For those who like a good news-bath, there’s no richer fount of information than a Sunday New York Times.
Even in this vaunted journalistic age, the Good Gray Lady’s Sunday edition is still a potent collection of news, comment, wit, perspective, and what A.J. Liebling used to call “agglutinated sapience.” Few, if any, American newspapers can compare.
Our journey this week involves one of a million such dead-tree doorstops. Specifically, this one made its way to the dinner table of a draftsman and his family in suburban Stamford.
But why?

May 3, 1964. The Mets have played 16 games – and are already eight games out of first place.
I’ve previously written that my grandfather’s newspaper loyalties lay primarily with the New York Daily News — “New York’s Picture Newspaper” — and with the hometown afternoon paper, the Stamford Advocate.
So why would he leave himself a special note to buy the New York Times?
I’m especially puzzled because I don’t think it was common newspaper practice back then to tease what you had coming up on Sunday.
Today’s newspapers are not shy about promoting upcoming stories. (Many of them will get anything really cracking up on their websites ASAP, rather than hold it.)
I don’t think that was as common a practice in 1964. Papers were more protective of their scoops — in part because many cities were still home to more than one paper, and they didn’t want to tip their hands to their rivals. Which leads me to wonder how my grandpa knew in advance that he had to have a copy of the Sunday Times.
Inevitably, this calendar entry sent me searching to find out what was in the May 3, 1964, New York Times that might have interested my grandfather.
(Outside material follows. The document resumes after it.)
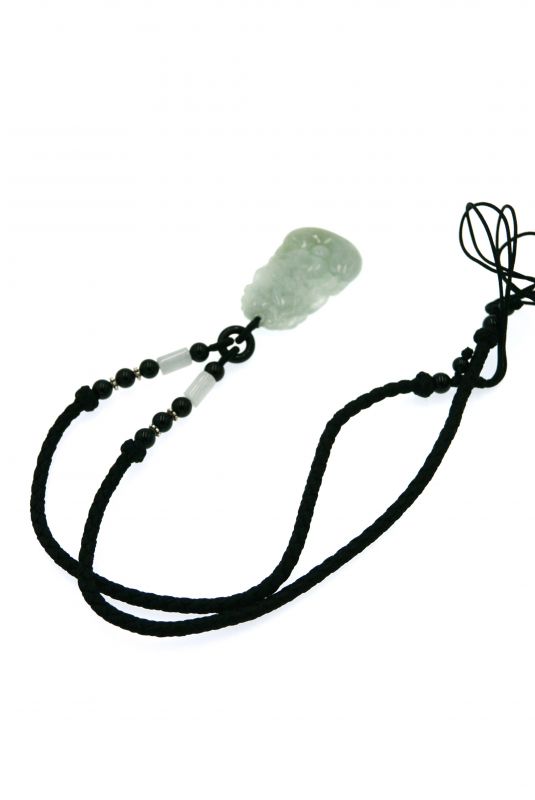 Jade Chinese Astrological zodiac Sign Dragon 3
I have a book of historic Times front pages big enough to land a Piper Cub on, and the May 3 edition is not reprinted in it. So there couldn’t have been anything truly historic on the front page that day.
The Web mentions a couple items that might have been interesting at the time, though I don’t think any of them would have enticed my grandpa to buy the paper:
– The weekly magazine ran A.M. Rosenthal’s “Study of the Sickness Called Apathy,” a follow-up article about the March murder of Kitty Genovese, who was reportedly stabbed to death while dozens of neighbors did nothing. (More recent accounts suggest that the Times sensationalized the case, and the paper’s initial reports — which fixed the details of the case in America’s national memory — were largely untrue.)
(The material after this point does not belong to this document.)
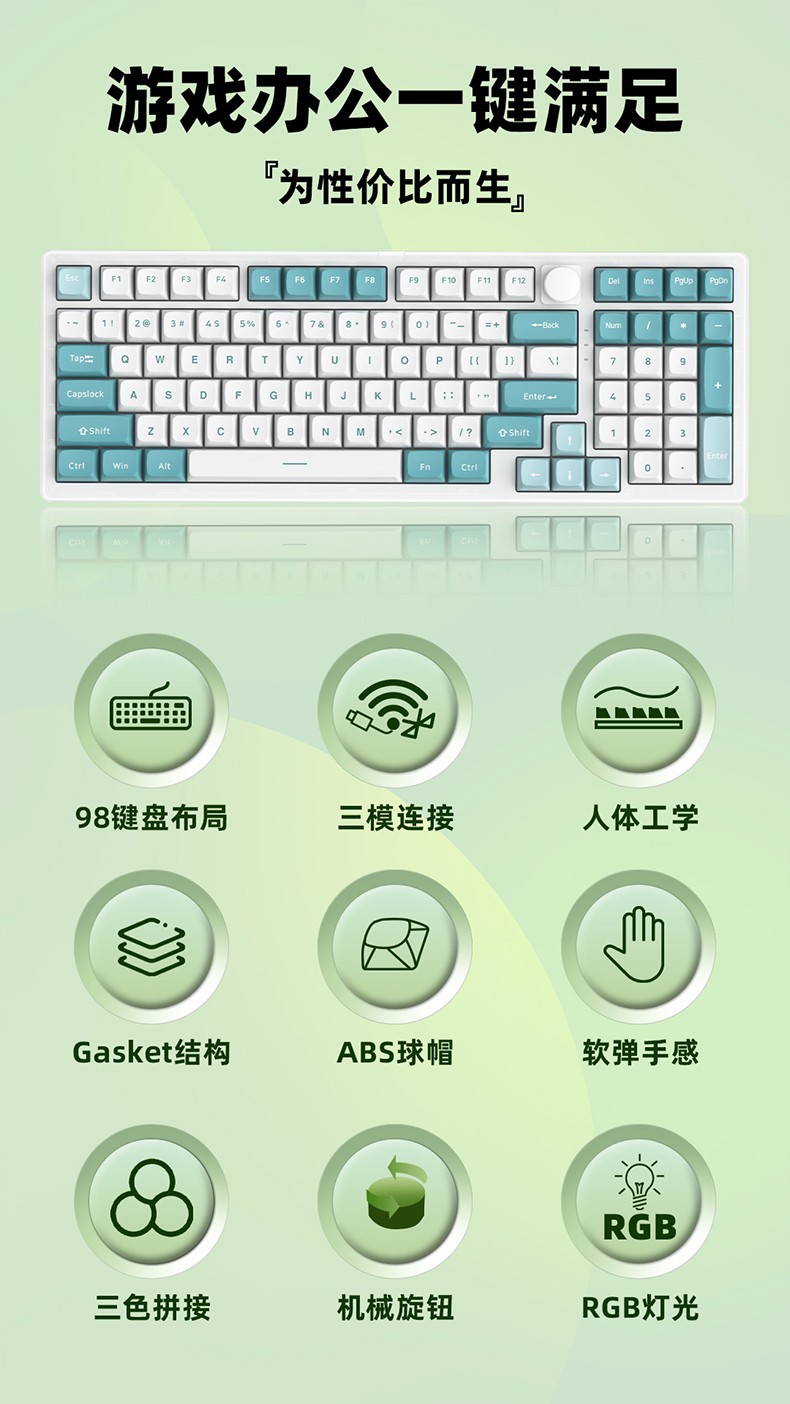 详情_02.jpg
– In the world of arts, Howard Taubman reviewed a production of James Baldwin’s “Blues for Mister Charlie,” telling readers in New Canaan and Mount Kisco that “Mr. Baldwin speaks fervidly for the Negro’s anguish and passion, and none of us can afford not to heed him.” (However earnest Mr. Taubman’s prose might have been, getting an actual Negro to review the production seems in retrospect like a worthwhile step.)
– Timesman McCandlish Phillips — who became better-known the following year after he unmasked the Jewish background of a prominent Klansman and American Nazi — contributed a story about the high cost of food at the recently opened 1964-65 World’s Fair.
– Wikipedia says the first major student demonstrations against the Vietnam War took place May 3, 1964, in several locations including Times Square. Maybe that got covered in advance somewhere in the Sunday Times.
Perhaps there was a letter from a Stamfordite, or a feature story about Stamford, somewhere in that Sunday’s Times. Again, I’m not sure how my grandpa would have known about that, but maybe some sort of grapevine informed him.
Given the sheer heft of a Sunday Times, I guess it’s impossible for me to surmise what my grandpa would have considered must-read about it. Unless the Internet gods drop a vintage copy in my lap, I’ll probably never know.
(Note to the Internet gods: If you have a copy, try to drop it on me from a low altitude. Catching those Sunday editions upside the head sure does sting.)